Y lo relevante aquí, además de las brillantes interpretaciones en las que se cuenta por supuesto la de Margot Robbie, que interpreta a Tonya, es la radiografía que ofrece el filme de su protagonista y de la sociedad que le rodeaba. En la cinta no hay espacio para la falsa condescendencia ni mucho menos, pero sí existe un compromiso por tratar de comprender al personaje y a su entorno, más allá del incidente que terminó con su carrera y del circo mediático alrededor de él. Y esta es quizá una de las mayores virtudes de I, Tonya.

Porque con un caso de tal naturaleza, la tentación de explotar el morbo puede ser mayúscula, con esta película, afortunadamente, eso no sucede. En la cinta, la aproximación del personaje va encaminada hacia su humanidad tal cual, no hacia su calidad de objeto de los medios o entretenimiento de la semana. El filme de Gillespie se decanta por poner la llaga en los yerros de un sistema social clasista, misógino y complaciente sin afanes moralizadores –para eso sirve el humor negro- que dominan la retórica hollywoodense de hoy.

Al ver la cinta, vienen a la mente To Die For de Gus Van Sant y la temporada uno de American Crime Story, ambas, la primera desde el plano de la ficción y la segunda basada en hechos reales, relatan esa obsesión del estadounidense por construir una narrativa social de héroes y villanos y la necesidad inmanente de convertirlo todo en un espectáculo. Como en ningún otro país, quizá, la construcción de ídolos vía los medios de comunicación es una suerte de máxima cultural en los Estados Unidos, la entronización y su consecuente crucifixión de estas figuras son casi rituales religiosos.
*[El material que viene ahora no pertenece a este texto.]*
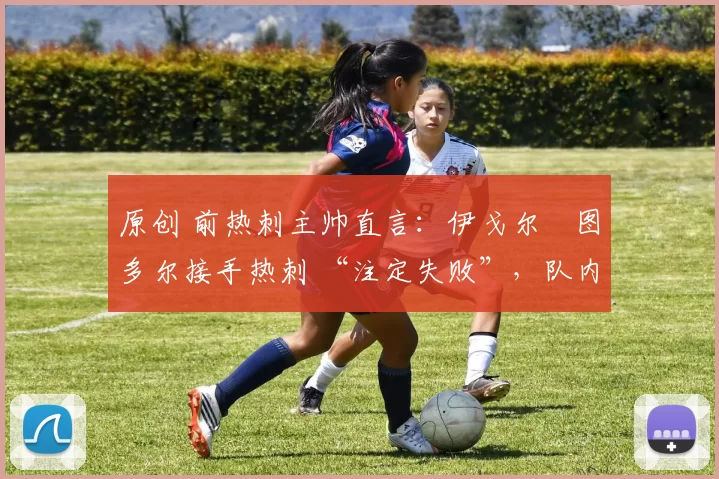 原创 前热刺主帅直言：伊戈尔・图多尔接手热刺 “注定失败”，队内氛围 “ toxic 至极”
A Tonya Harding le sucedió, como a muchos otros, sin embargo, la película evita el escándalo y prefiere desnudar al personaje y a su tóxico entorno. No es una oda a Tonya, mucho menos una diatriba, es una cinta que nos habla acerca de nosotros, los seres humanos y nuestra naturaleza, equívoca, tendiente al éxito y al fracaso en partes iguales.